This week at Pacific Standard, we brought you stories on how utilities stall progress on alternative energy, how liberal governors are fighting back against President Donald Trump's deportation of Cambodian refugees, and who is legally responsible for prison and jail suicides.
Here are a few more stories we've been watching this week.
Oil From a 14-Year Spill Is Finally Being Contained
The United States Coast Guard has announced that it has finally begun to collect and contain oil from an ongoing spill in the Gulf of Mexico, the Washington Post reports. The spill began when Taylor Energy's oil platform sank as a result of a mudslide caused by Hurricane Ivan in 2004. According to one analysis, in the years since, between 1.5 million and 3.5 million barrels of oil have spilled from the site into the gulf.

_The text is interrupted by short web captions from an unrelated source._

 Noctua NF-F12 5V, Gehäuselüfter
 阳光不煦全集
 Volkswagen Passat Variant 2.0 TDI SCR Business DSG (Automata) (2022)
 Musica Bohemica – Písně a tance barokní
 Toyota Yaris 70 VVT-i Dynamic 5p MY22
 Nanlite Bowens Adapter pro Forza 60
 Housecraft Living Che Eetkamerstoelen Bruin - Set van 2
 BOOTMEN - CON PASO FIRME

Since the new containment system was installed in late April, more than 30,000 gallons of oil have been collected. Coast Guard Captain Kristi Luttrell said Thursday that "the system is working and the once predominantly large surface sheen has been reduced to barely visible," the Associated Press reports.
California Concludes That PG&E Lines Caused the Camp Fire
The Camp Fire, California's deadliest and most destructive ever, killed 85 people and destroyed the town of Paradise in Butte County six months ago. Now, following a long investigation, the California Department of Forestry and Fire Protection has concluded that the Pacific Gas and Electric Company's power lines ignited the fire.

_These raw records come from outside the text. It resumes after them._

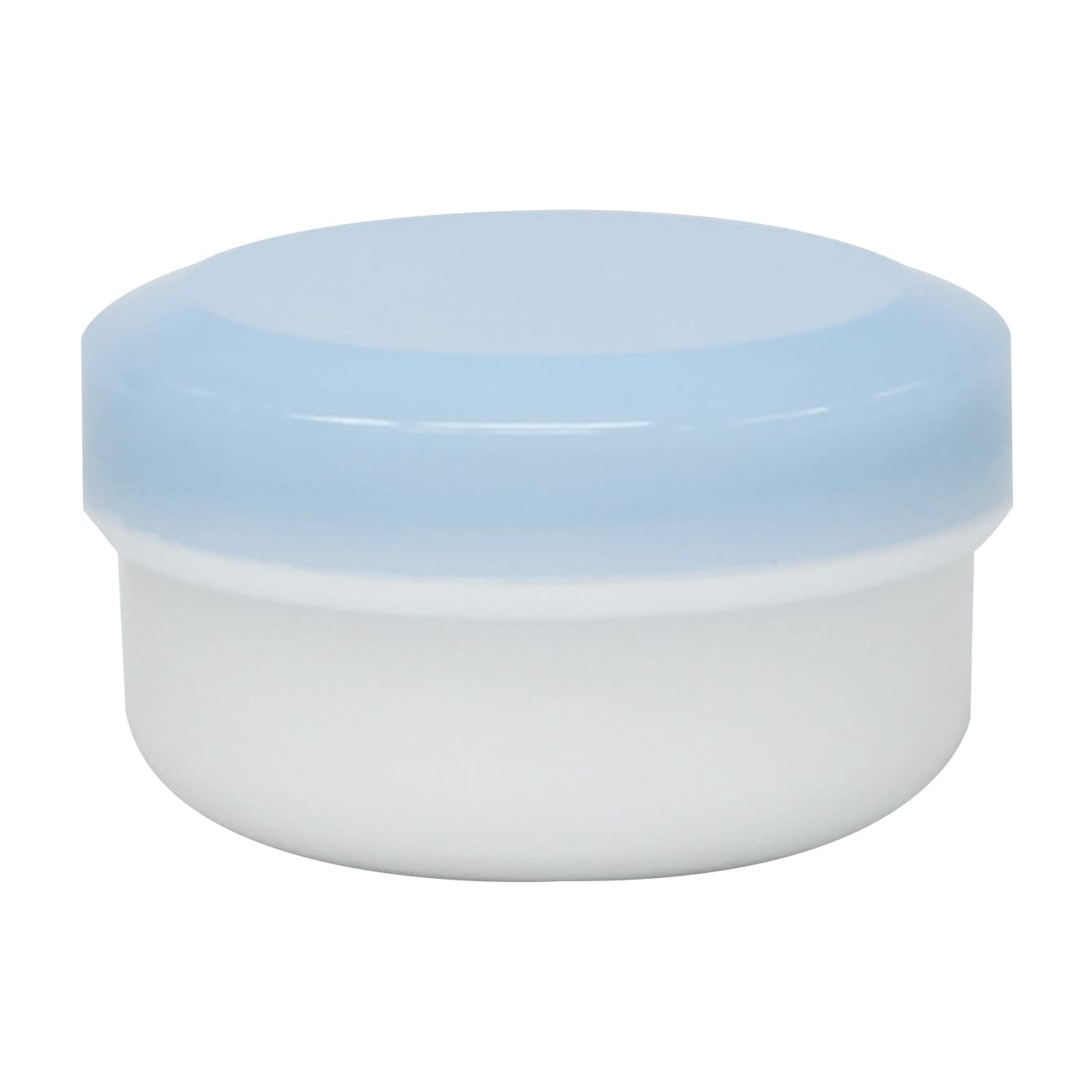 アルファ軟膏容器 25-2275-0007 キャップ：藤(015) 金鵄製作所 A0030R(24ML)180コイリ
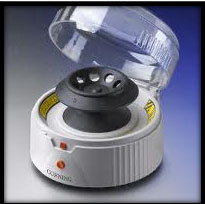 Micro Centrifuge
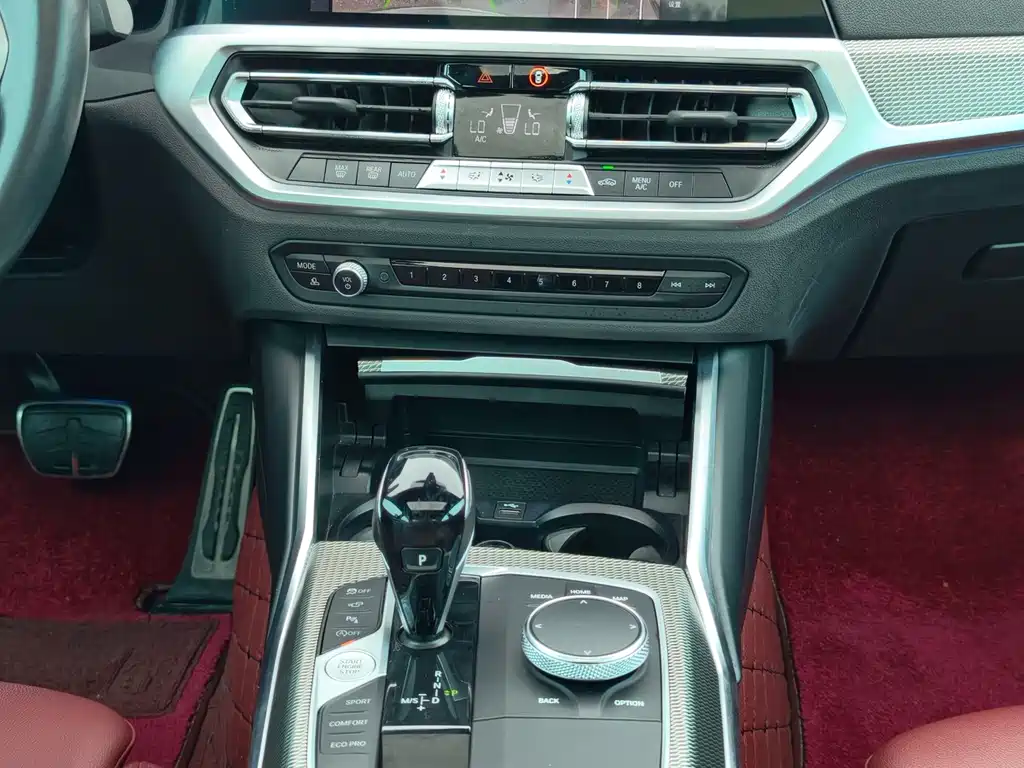 BMW 4 Series — миниатюра 19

In a statement, PG&E, which filed for bankruptcy in January, said it "accepts this determination," which accords with the company's previous statements about the fire. "Our hearts go out to those who have lost so much, and we remain focused on supporting them through the recovery and rebuilding process," the company said.
Taiwan's Legislature Votes to Legalize Same-Sex Marriage
Lawmakers in Taipei on Friday voted to approve Asia's first same-sex marriage law. In 2017, Taiwan's constitutional court struck down the Civil Code's definition of marriage as being between a man and a woman, and gave the legislature two years to amend the code or pass a law regarding same-sex couples.
"We hope this landmark vote will generate waves across Asia and offer a much-needed boost in the struggle for equality for LGBTI people in the region," Annie Huang, acting director of Amnesty International Taiwan, said in a statement, adding that the Taiwanese government "must not stop here; it needs to act to eliminate all forms of discrimination on the grounds of sexual orientation, gender identities and intersex status."
The new law will take effect on May 24th.